[Image-caption web data]
###
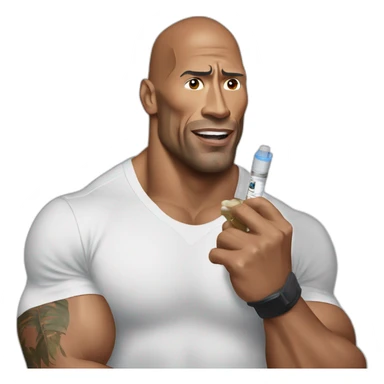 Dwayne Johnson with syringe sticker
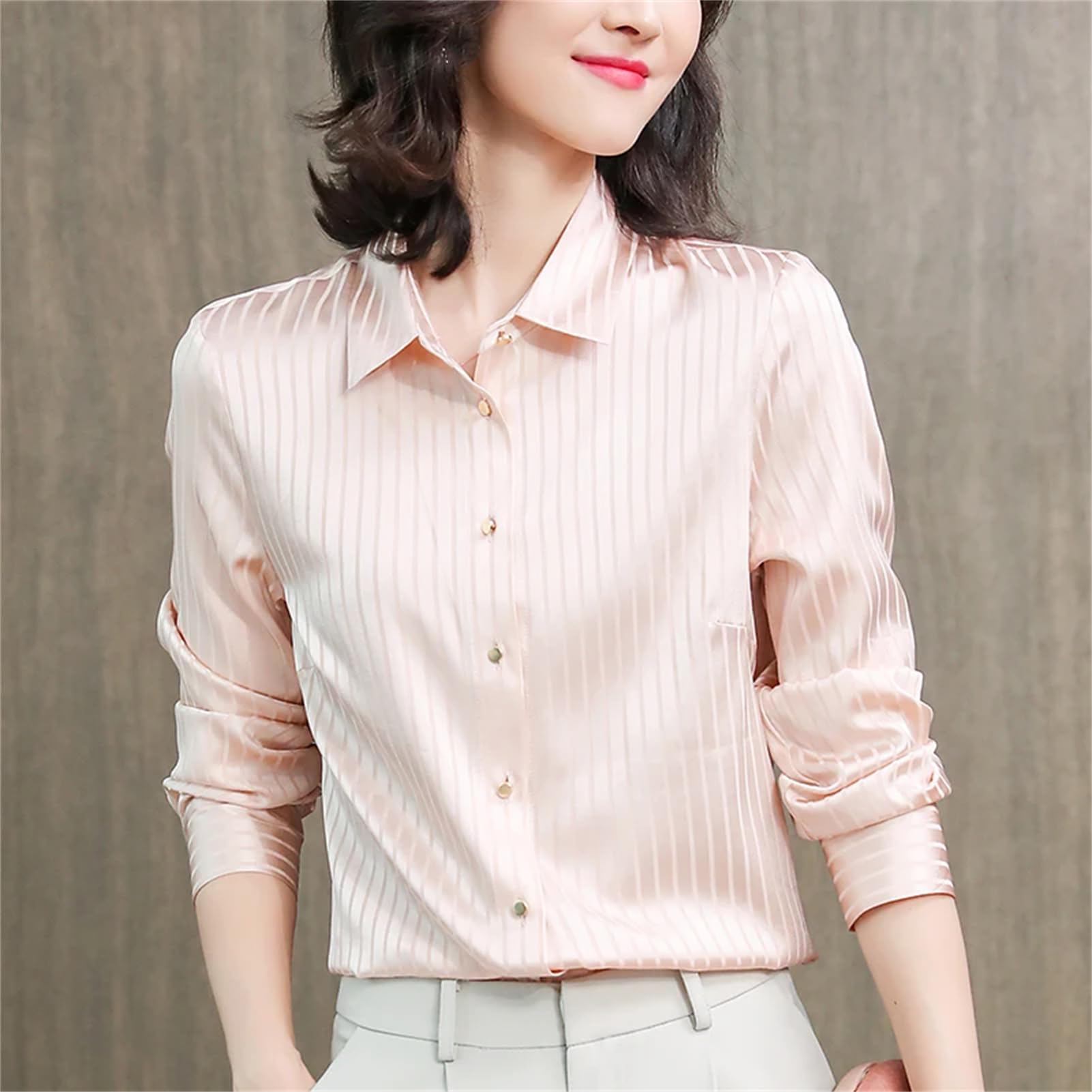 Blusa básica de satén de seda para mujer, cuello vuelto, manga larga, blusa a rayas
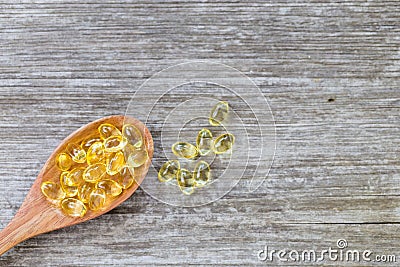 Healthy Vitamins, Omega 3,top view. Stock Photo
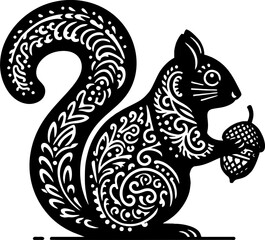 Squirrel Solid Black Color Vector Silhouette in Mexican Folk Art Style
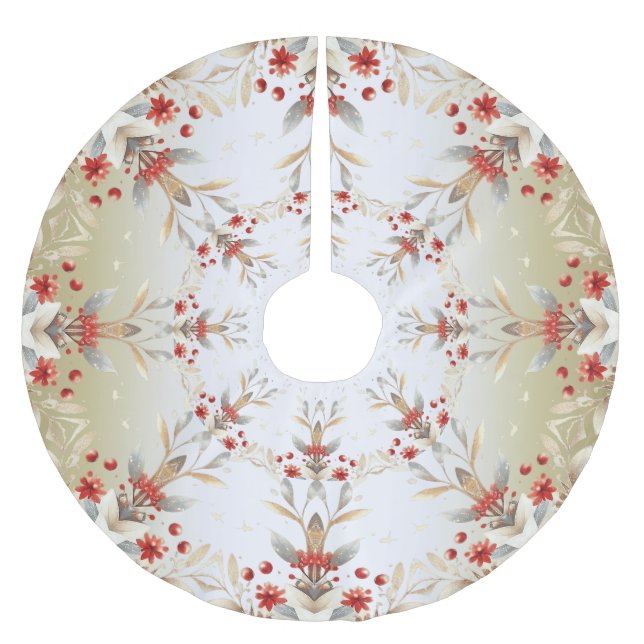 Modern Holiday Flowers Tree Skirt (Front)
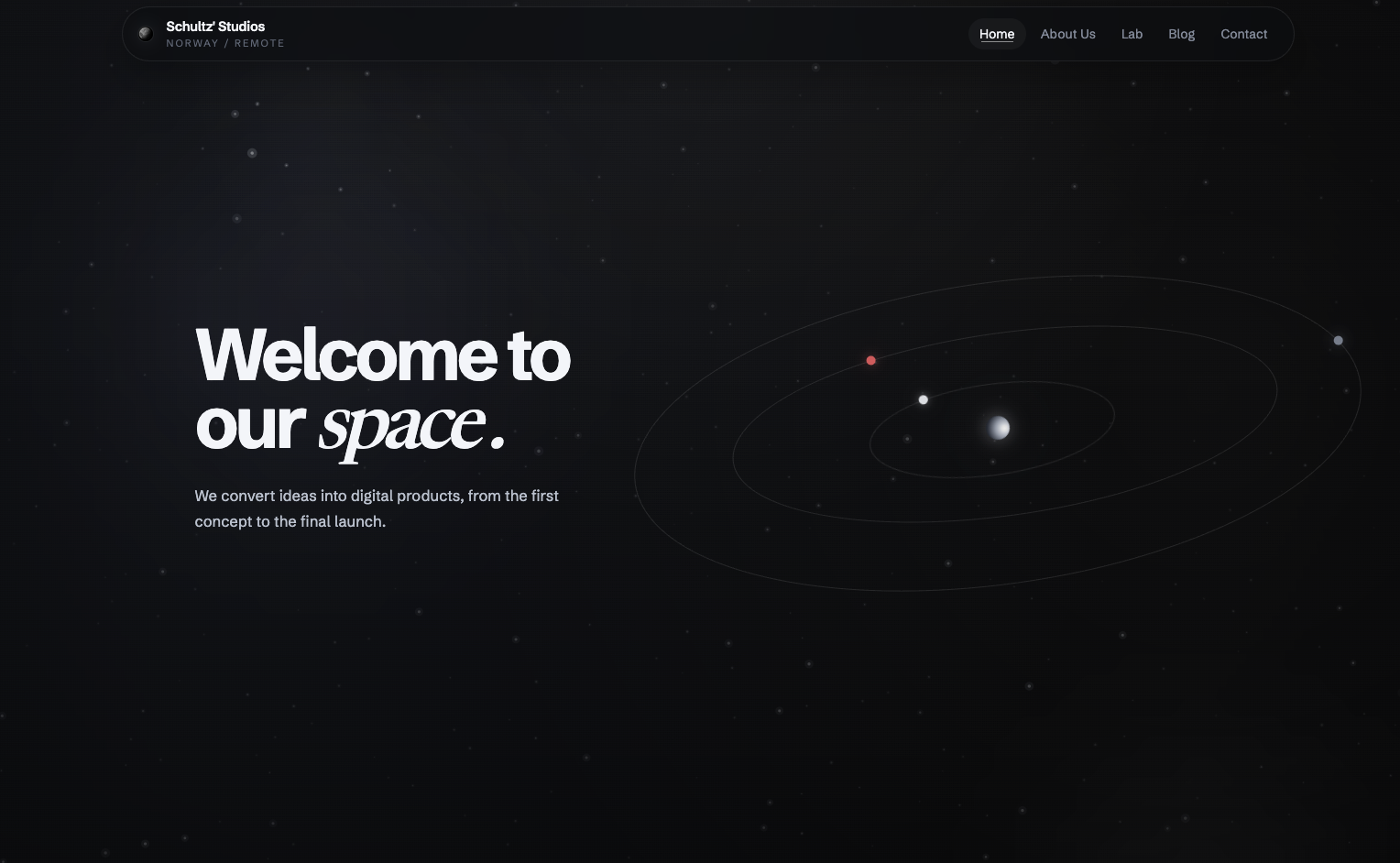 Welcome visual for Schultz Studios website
###
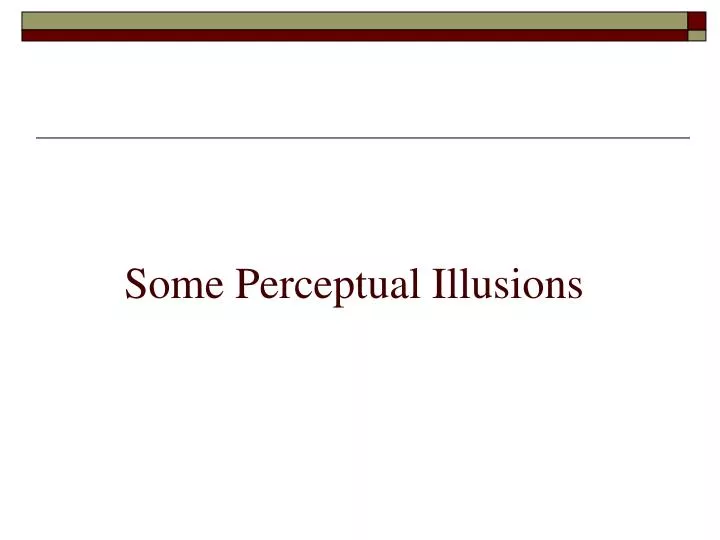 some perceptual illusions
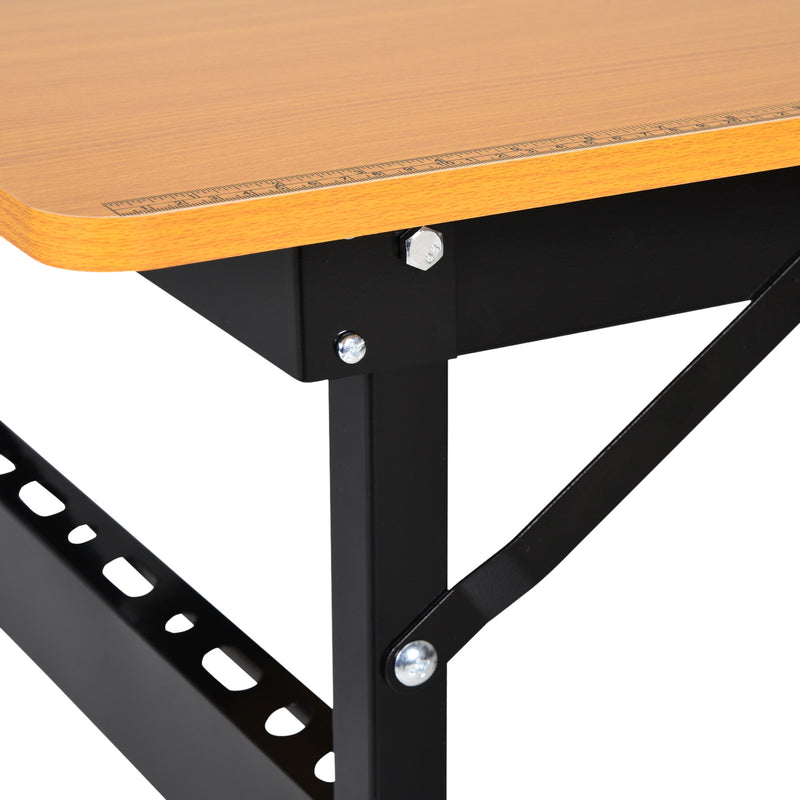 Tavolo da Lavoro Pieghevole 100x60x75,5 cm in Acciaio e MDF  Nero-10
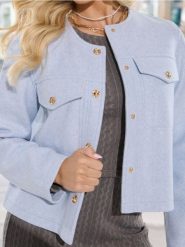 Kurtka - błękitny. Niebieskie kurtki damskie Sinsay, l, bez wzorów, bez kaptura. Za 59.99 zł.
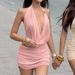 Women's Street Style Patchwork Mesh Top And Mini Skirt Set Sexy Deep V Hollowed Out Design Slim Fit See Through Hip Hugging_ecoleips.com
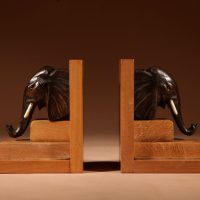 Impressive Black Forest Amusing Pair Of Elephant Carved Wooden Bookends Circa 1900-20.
###
_PROBLEM TO SOLVE_
Beginning with the line above that contains "Women's Street Style" and ending with the line that contains "Impressive Black Forest", quote each line exactly, keeping out the pictures.

_ANSWER SECTION_
 Women's Street Style Patchwork Mesh Top And Mini Skirt Set Sexy Deep V Hollowed Out Design Slim Fit See Through Hip Hugging_ecoleips.com
 Impressive Black Forest Amusing Pair Of Elephant Carved Wooden Bookends Circa 1900-20.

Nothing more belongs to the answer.